*What to work on*. Reproduce exactly, and only, the lines of the material below running from the line bearing "Van hele vis" through the line bearing "Finn-Cane Corso - Image 3". Leave any pictures out.

*Records shown*.
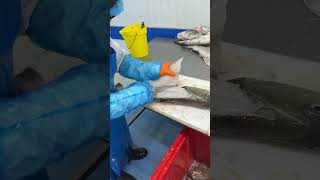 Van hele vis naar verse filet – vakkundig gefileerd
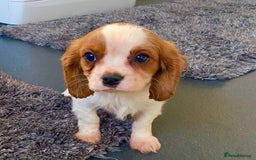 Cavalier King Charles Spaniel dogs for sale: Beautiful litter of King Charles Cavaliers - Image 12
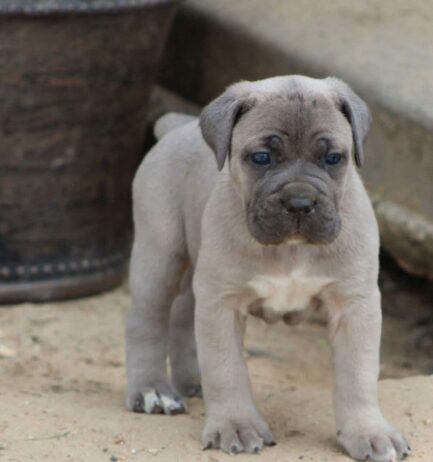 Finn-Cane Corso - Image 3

...

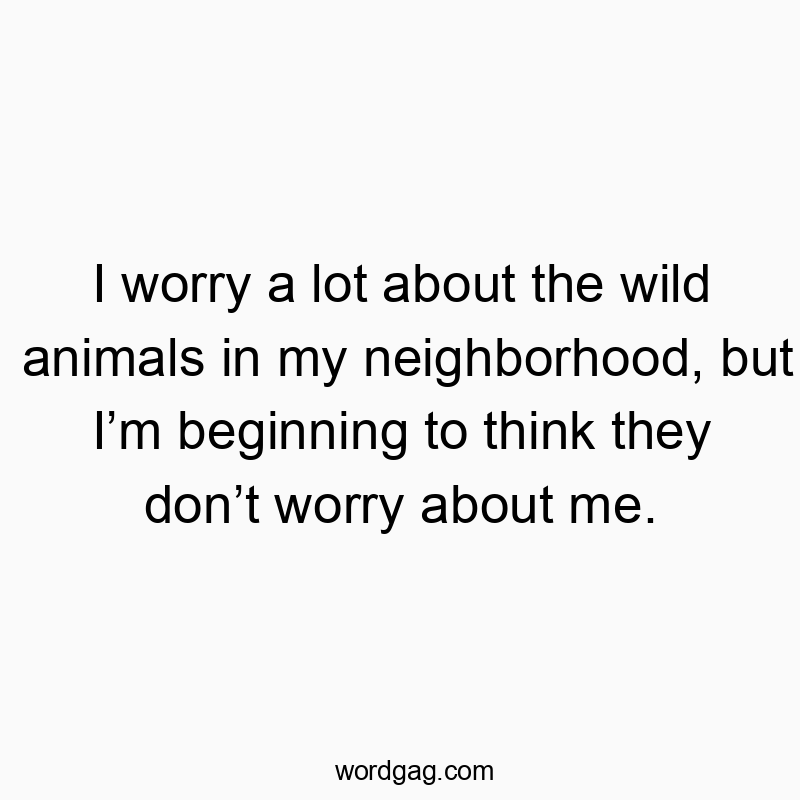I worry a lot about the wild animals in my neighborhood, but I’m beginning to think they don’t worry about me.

* * *

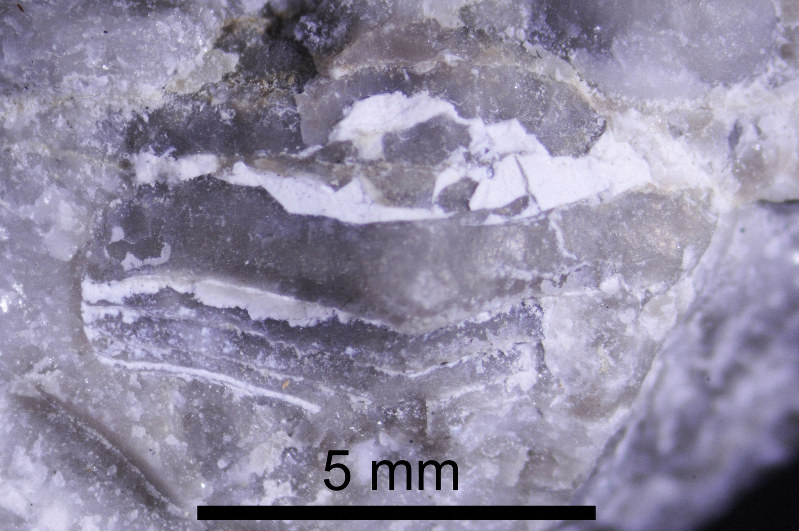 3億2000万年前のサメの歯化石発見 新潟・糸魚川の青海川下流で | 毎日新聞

*Written response*.
 Van hele vis naar verse filet – vakkundig gefileerd
 Cavalier King Charles Spaniel dogs for sale: Beautiful litter of King Charles Cavaliers - Image 12
 Finn-Cane Corso - Image 3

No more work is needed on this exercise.